Master status- the main social position that is the identifying characteristic of an individual
Master status- the main social position that is the identifying characteristic of an individual
What are the Five Institutions of Sociology?
- Social institutions are established or standardized patterns of rule-governed behavior
1. The Family:
A socially defined set of relationships between at least two people related by birth, marriage, adoption, or, in some definitions, long-standing ties of intimacy. 2. Education:
A formal process in which knowledge, skills, and values are systematically transmitted from one individual or group to another. 3. Religion: A unified system of beliefs and practices pertaining to the supernatural and to norms about the right way to live that is shared by a group of believers.
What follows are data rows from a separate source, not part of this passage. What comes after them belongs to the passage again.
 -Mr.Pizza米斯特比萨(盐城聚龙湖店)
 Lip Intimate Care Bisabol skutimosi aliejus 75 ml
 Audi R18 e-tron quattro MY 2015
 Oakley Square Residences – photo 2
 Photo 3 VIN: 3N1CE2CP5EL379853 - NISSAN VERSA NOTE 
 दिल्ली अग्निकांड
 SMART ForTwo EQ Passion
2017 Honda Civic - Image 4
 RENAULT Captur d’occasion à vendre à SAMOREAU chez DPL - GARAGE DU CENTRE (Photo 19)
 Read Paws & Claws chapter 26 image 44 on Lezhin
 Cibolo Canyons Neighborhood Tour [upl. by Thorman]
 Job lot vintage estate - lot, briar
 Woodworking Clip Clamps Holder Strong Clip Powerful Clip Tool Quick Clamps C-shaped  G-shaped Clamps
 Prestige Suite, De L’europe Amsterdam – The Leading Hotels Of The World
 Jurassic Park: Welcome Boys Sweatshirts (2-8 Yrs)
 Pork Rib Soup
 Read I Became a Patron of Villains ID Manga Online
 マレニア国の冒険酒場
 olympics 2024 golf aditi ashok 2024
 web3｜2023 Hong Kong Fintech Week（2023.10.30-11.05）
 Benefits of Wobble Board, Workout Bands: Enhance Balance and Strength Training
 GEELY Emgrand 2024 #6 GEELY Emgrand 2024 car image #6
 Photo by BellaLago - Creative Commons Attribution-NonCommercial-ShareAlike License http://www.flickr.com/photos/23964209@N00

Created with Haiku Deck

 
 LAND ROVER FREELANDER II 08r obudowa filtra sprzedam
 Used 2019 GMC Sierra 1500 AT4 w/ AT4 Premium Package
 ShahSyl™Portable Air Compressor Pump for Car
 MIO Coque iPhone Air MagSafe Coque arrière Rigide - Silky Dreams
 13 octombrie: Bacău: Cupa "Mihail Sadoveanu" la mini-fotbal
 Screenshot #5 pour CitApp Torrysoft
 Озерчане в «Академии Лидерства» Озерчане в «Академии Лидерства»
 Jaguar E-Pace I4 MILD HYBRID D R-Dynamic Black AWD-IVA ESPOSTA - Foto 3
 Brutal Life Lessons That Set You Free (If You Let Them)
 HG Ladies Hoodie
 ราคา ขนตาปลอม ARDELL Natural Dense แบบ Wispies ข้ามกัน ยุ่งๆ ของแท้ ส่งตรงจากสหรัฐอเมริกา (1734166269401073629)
Sociologists treat religion as a social rather than supernatural phenomenon. 4. Economic Institutions:
Sociologists understand the economy as the set of arrangements by which a society produces, distributes, and consumes goods, services, and other resources. 5. Political Institutions:
Institutions that pertain to the governance of a society, its formal distribution of authority, its use of force, and its relationships to other societies and political units. The state, an important political institution in modern societies, is the apparatus of governance over a particular territory. |
What types of social interactions happen in those institutions?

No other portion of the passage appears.